From top to bottom: Dello Russo, Lanphear, Alt, Coddington.

This moment in street style occupied a very particular point on a very long timeline. Street style is, and has been for hundreds of years, the combination of easily identifiable aesthetic subcultures and the technologies necessary to produce and circulate still or moving images. That’s…all!! At the turn of the century, this meant cartoons of the flâneurs in newspapers. Photographs of flappers, teddy boys, teddy girls, mods, hippies, British punks, and American punks are some of the go-to references for the contemporary Western world’s understanding of street style movements in the 20th century; Harajuku girls and and Lolita goths were two of the popular and easily identifiable trends from Japanese street style.

The street style photographers who began hovering outside of fashion shows in the early years of the 21st century were attempting to identify and categorize a new kind of street-based style subculture: “the fashion insider.”

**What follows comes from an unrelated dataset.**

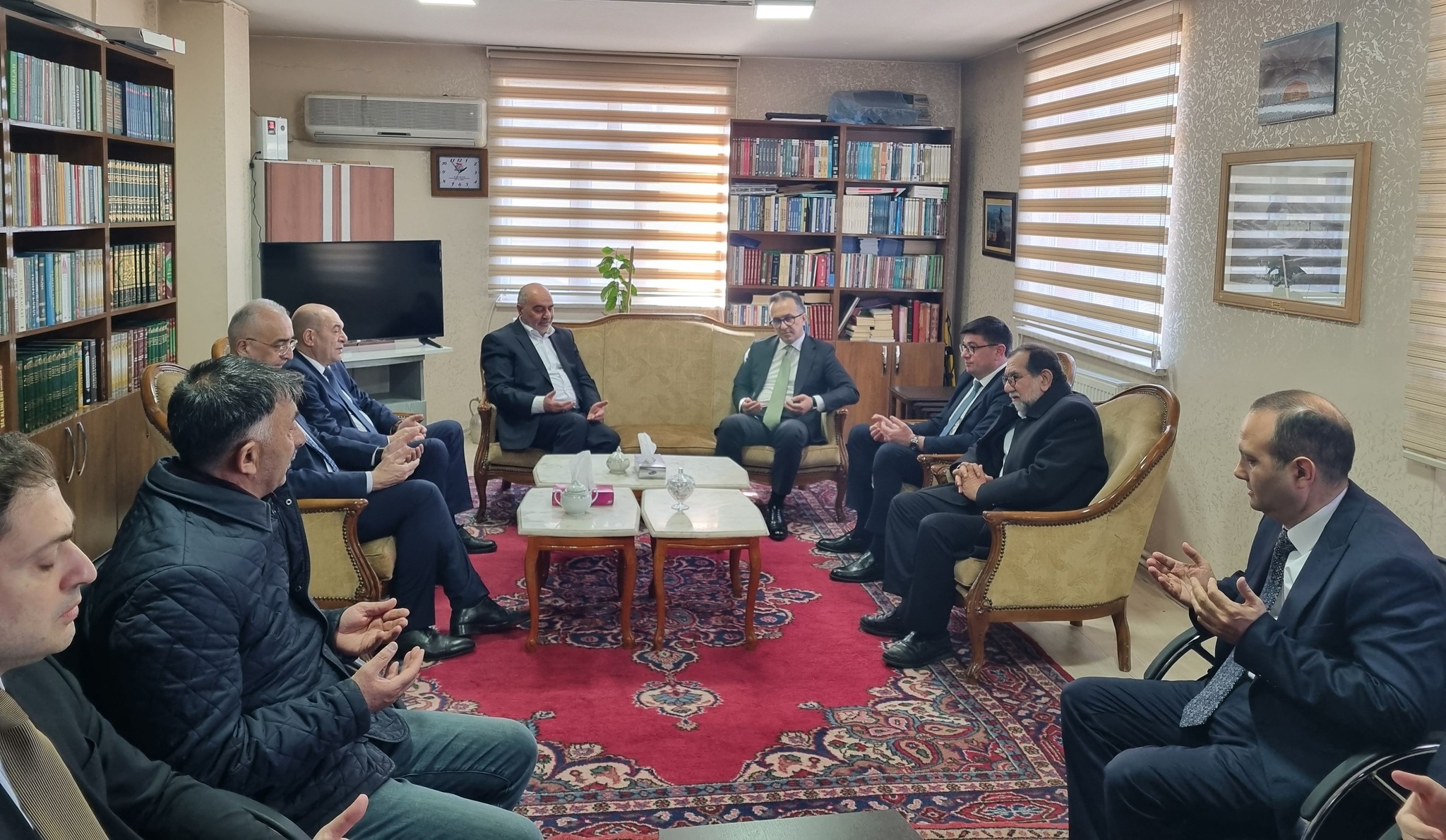 Azerbaycan Devlet Komitesi Başkanı Ramin Memmedov, Kars Ehlibeyt Alimleri Birliği’ni ziyaret etti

Around that time, the return of celebrities to magazine covers, after years of supermodels, was seen as a triumph of the form; people wanted to read about hot women who said and did stuff, instead of hot women who just posed like they were doing stuff! But the triumph was short lived: the trend soured — which happened to coincide with declining newsstand sales — and a need developed for a public figure who could occupy the space between model and celeb. Conventionally attractive, poised, well-groomed, constantly dressed in impeccable outfits, and they had good jobs: fashion editors were, in their frozen poses prominently displayed on Blogspots and Tumblrs, the perfect hybrid of qualities that make a woman a very, very desirable mannequin.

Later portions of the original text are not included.